FIGURE 6. A role for γδ T cells in regulating follicular B cell maturation

A, Immunohistochemical analysis of serial sections of an active gut follicle from a patient with Yersinia ileitis, with γδ T cells and CXCL13, respectively, stained in red. Colocalization of CXCL13-producing cells and γδ T cells is indicated by arrows. Note that a similar picture of the same section stained for γδ T cells was already published earlier (23 ), but has been included here for the sake of optimum comparison. B, Proposed interaction between γδ T cells, B cells, and T_FH cells in secondary lymphoid tissue.
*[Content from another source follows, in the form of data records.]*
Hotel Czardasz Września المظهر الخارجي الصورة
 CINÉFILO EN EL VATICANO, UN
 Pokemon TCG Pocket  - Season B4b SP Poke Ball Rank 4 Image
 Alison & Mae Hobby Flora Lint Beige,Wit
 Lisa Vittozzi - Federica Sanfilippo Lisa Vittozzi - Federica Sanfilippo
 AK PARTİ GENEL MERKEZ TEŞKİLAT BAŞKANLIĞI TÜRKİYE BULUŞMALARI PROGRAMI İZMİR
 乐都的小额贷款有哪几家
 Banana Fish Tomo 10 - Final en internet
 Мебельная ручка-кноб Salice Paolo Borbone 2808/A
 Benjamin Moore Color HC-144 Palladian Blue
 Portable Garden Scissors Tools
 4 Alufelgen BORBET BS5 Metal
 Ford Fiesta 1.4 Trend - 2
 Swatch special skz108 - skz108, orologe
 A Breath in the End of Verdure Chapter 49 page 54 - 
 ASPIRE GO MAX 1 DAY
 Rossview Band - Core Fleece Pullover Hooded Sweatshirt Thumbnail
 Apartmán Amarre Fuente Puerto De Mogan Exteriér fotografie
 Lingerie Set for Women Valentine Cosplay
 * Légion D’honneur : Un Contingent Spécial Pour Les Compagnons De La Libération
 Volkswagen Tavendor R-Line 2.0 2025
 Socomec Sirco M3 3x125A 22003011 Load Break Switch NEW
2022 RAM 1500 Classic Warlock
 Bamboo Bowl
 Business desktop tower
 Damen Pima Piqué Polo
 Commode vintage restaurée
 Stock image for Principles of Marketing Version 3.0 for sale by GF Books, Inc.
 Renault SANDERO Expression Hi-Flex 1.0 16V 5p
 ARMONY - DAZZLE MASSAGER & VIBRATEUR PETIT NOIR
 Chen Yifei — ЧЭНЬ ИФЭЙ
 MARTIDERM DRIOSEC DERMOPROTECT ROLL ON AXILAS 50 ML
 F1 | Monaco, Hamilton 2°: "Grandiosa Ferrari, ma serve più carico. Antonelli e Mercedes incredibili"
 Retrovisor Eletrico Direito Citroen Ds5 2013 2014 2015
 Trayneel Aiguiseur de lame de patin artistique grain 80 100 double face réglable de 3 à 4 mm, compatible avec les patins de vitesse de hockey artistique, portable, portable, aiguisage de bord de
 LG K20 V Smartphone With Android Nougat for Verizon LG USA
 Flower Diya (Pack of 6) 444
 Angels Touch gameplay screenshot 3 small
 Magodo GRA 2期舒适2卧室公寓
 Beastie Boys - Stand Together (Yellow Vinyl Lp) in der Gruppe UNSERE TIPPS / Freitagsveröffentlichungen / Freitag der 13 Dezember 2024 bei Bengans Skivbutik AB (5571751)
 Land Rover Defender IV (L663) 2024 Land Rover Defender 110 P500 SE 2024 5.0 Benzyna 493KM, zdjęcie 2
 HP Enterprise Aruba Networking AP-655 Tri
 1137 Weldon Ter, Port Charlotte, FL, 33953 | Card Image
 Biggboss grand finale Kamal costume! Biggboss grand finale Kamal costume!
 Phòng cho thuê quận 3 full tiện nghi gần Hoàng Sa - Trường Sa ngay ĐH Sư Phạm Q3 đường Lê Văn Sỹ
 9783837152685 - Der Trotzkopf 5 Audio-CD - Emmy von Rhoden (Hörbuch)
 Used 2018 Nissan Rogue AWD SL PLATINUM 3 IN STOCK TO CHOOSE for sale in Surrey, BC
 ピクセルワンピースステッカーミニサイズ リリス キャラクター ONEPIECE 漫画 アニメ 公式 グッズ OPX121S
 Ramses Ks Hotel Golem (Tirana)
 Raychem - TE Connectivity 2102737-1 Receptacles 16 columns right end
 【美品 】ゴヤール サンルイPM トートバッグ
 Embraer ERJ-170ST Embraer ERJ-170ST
Expression of CCR7 by naive and central memory αβ T cells permits entry to the LNs, and subsequent colocalization with CCR7⁺ DC in the T zone that is defined by the CCR7 ligands CCL19 and CCL21. T cell priming results in the generation of TFH cells expressing CXCR5, thereby conferring responsiveness to the B zone-specific chemokine CXCL13. After relocalization of T_FH cells and CXCR5⁺ B cells to the follicles, mutual interaction through ICOS and CD40 with their respective ligands induces plasma cell maturation on one hand, and gives rise to effector αβ T cells on the other hand (see also Refs. 2 and 60 ). Upon infection with microbial pathogens, peripheral γδ T cells recognize HMB-PP at sites of inflammation and contribute to the local immune response by secretion of proinflammatory cytokines and chemokines, and lysis of infected cells. Alternatively or additionally, they acquire a LN homing phenotype by up-regulation of CCR7 and CD62L (Ref. and this study), and HMB-PP released in the periphery may reach local LN through tissue drainage and act on LN resident γδ T cells. Data presented here show that γδ T cells moving into the GCs will respond to T_FH-derived IL-21 by producing CXCL13 and CXCL10, thus contributing to the molecular definition of the B zone and aiding further recruitment of CXCR5⁺ B cells, T_FH cells, and monocytes. HMB-PP triggered γδ T cells may also directly present microbial Ags to T_FH cells at an early stage of infection (65 ).